START INFORMATION SHOWN

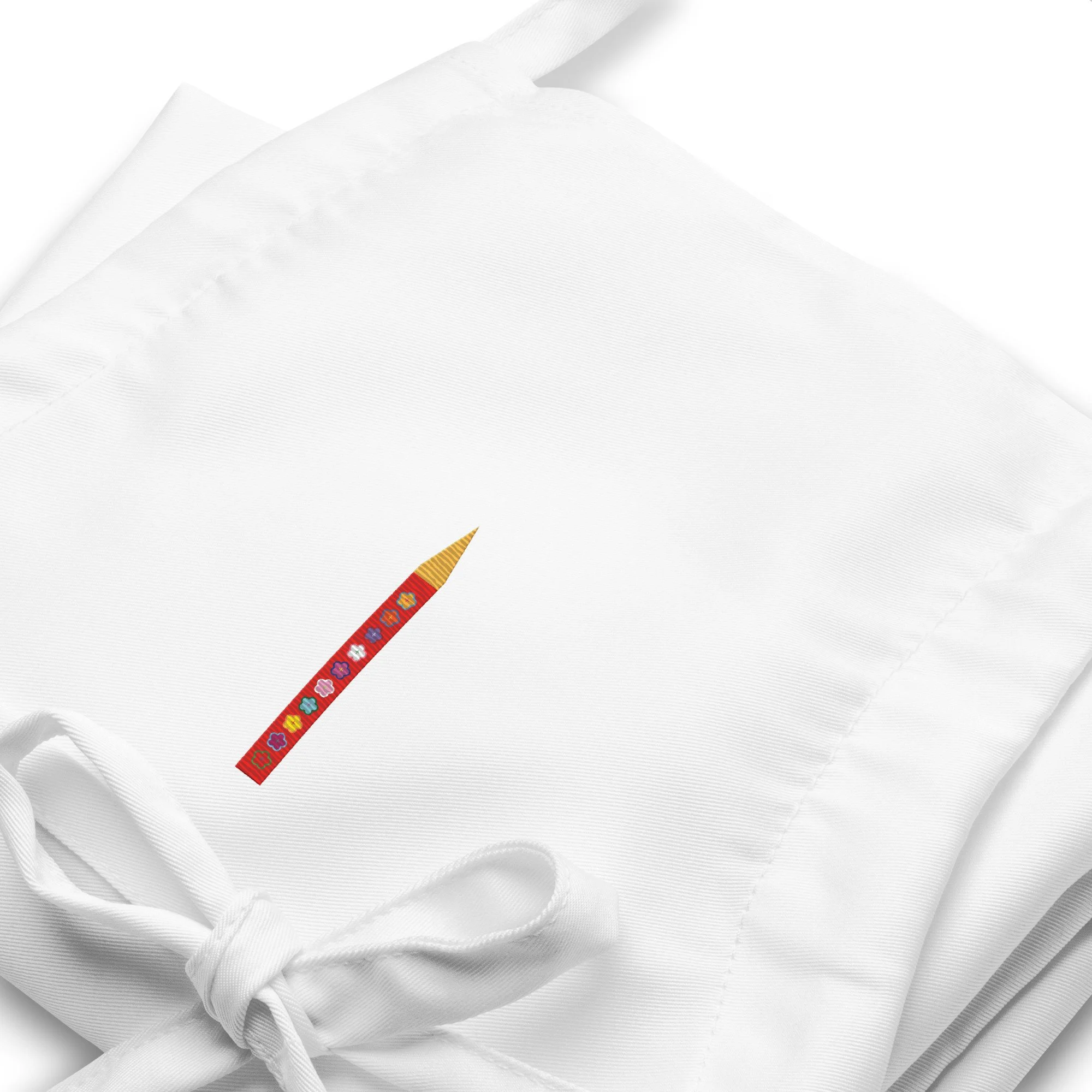 embroidered-apron-white-zoomed-in-69f034a5c6a33.jpg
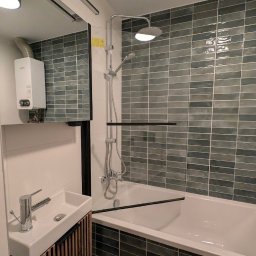 Leonidas & I-BUD - Nowoczesna łazienka z wanną obłożoną szarymi, podłużnymi płytkami, białą umywalką z szafką z drewnianymi lamelami i srebrną armaturą. Widoczny bojler.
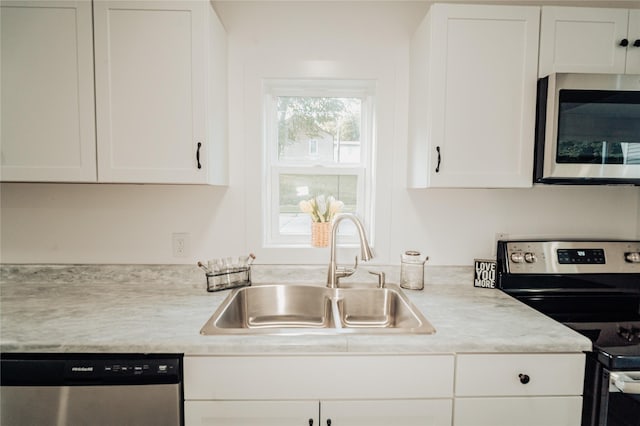 3405 30th St, Des Moines, IA 50310 - kitchen with stainless steel appliances, white cabinetry, and light countertops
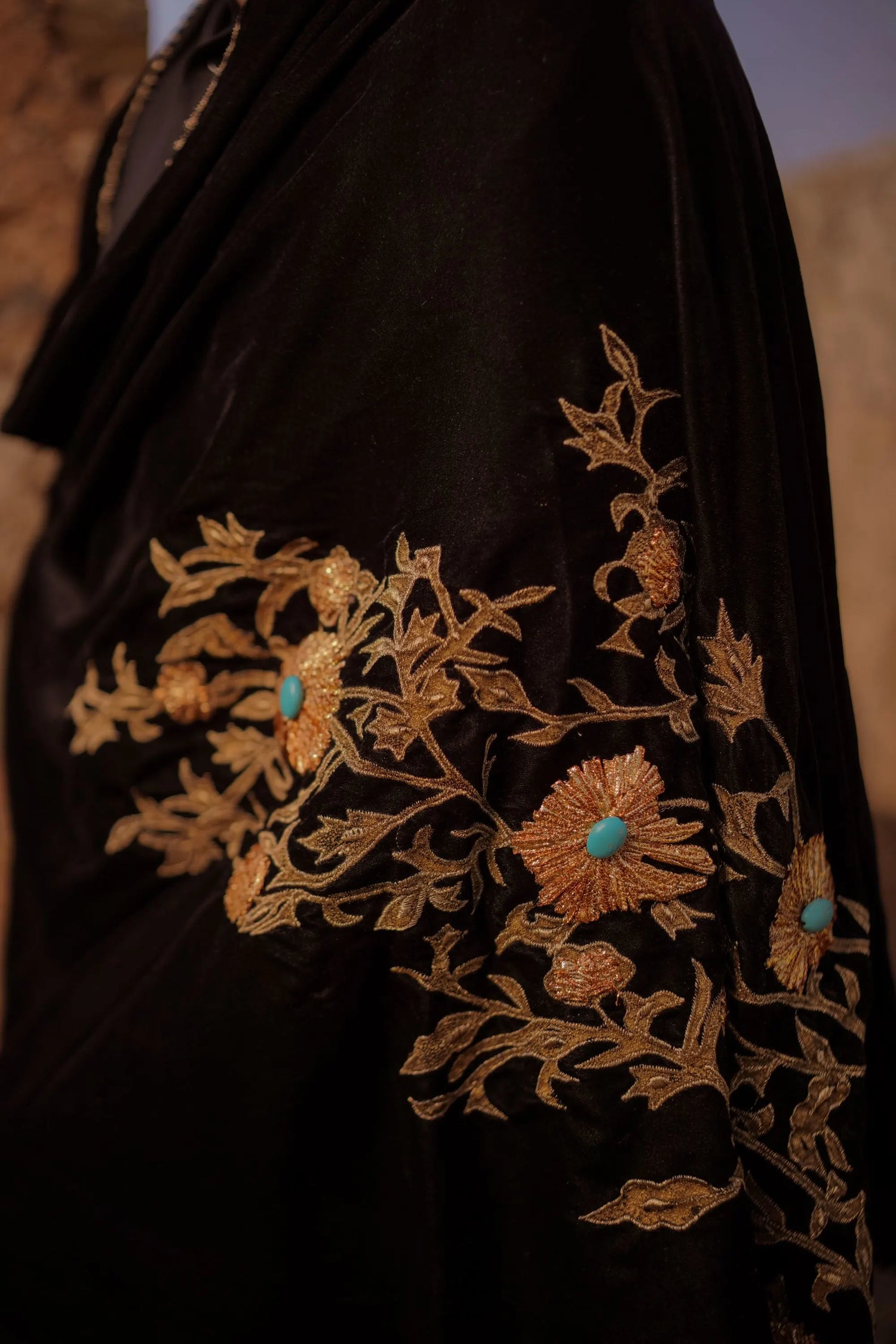 A velvet shawl adored with tila embroidery, feroza stone work and block printed floral motifs, embodying a blend of elegance and traditional charm.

END INFORMATION SHOWN

EXERCISE INSTRUCTIONS » Your copy should hold only the lines from the line with "3405 30th St, Des" through the end of the data above, both ends included, transcribed exactly and without pictures.

TASK OUTPUT »
 3405 30th St, Des Moines, IA 50310 - kitchen with stainless steel appliances, white cabinetry, and light countertops
 A velvet shawl adored with tila embroidery, feroza stone work and block printed floral motifs, embodying a blend of elegance and traditional charm.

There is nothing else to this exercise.